None of the pictures should be copied, though every line of the listing must be printed exactly.

● **GIVEN MATERIAL**:
------------------------------
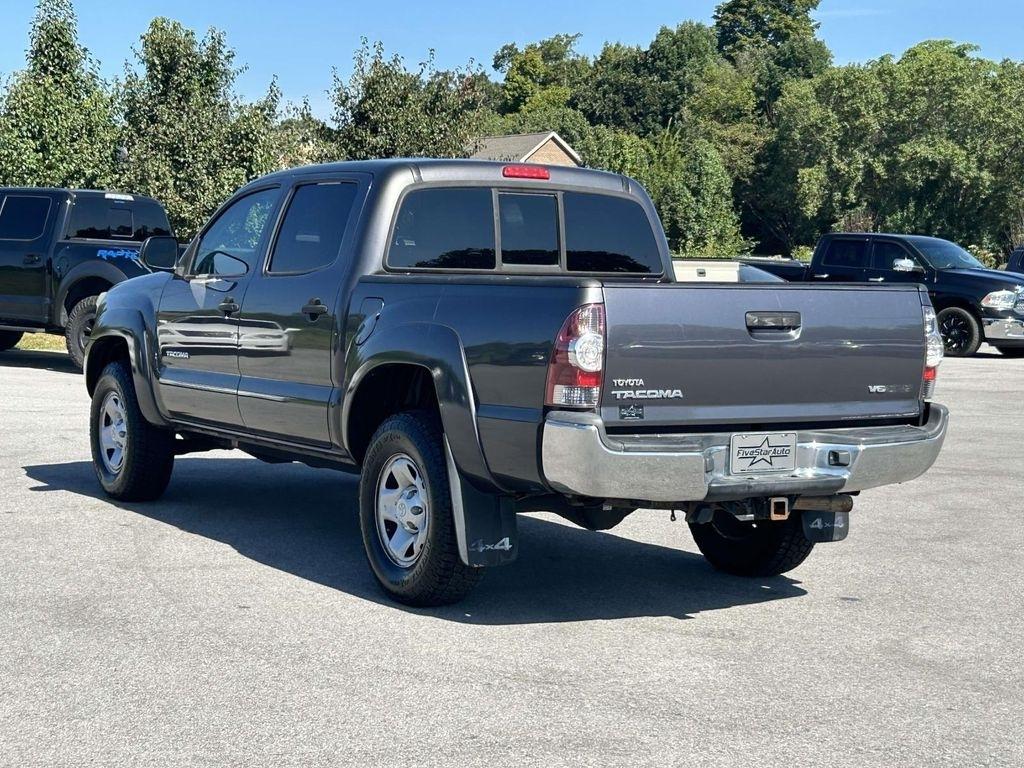 Toyota Tacoma 4WD Double Cab V6 MT (Natl) 2013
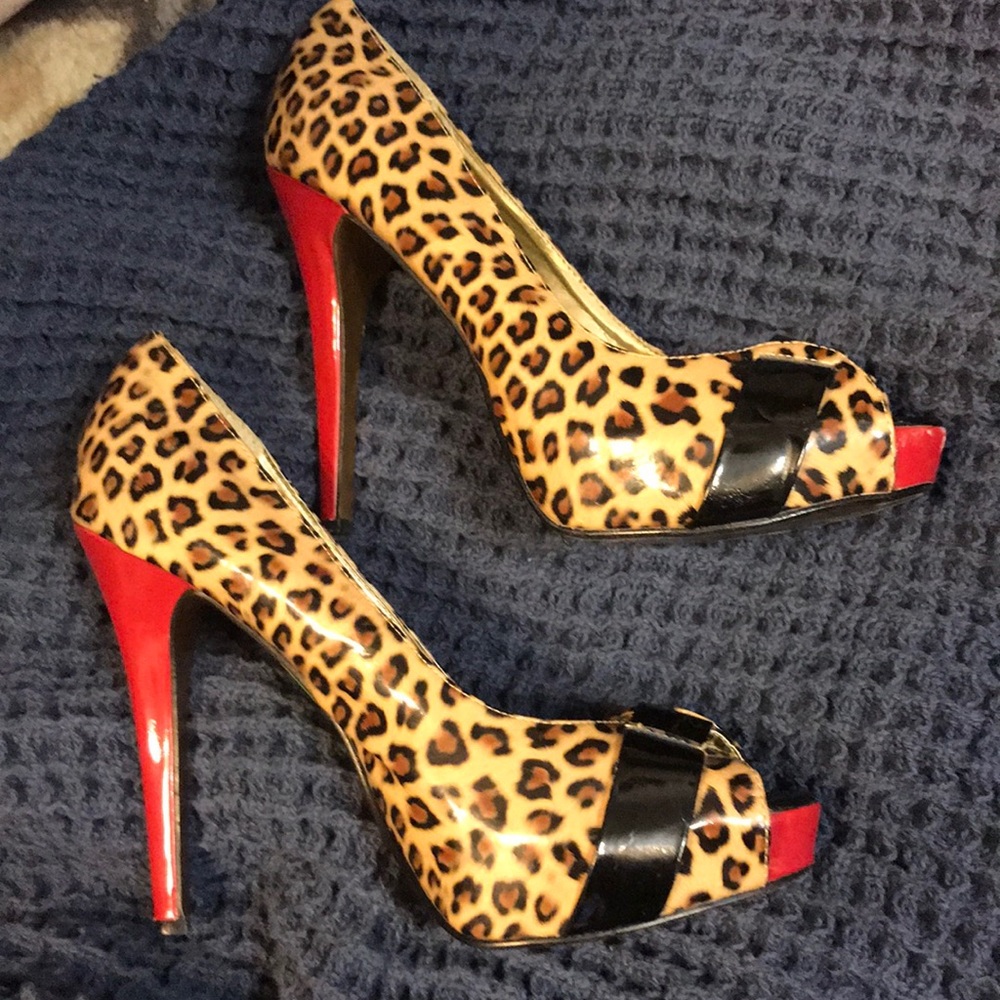 Anne Michelle Cheetah Heels - Picture 1 of 6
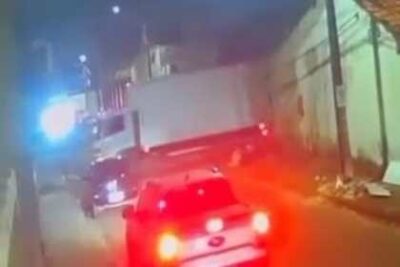 Poste quebra e cai no bairro Cohatrac IV após caminhão enroscar em fiação elétrica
------------------------------
● **RESPONSE TO THIS TASK**:
 Toyota Tacoma 4WD Double Cab V6 MT (Natl) 2013
 Anne Michelle Cheetah Heels - Picture 1 of 6
 Poste quebra e cai no bairro Cohatrac IV após caminhão enroscar em fiação elétrica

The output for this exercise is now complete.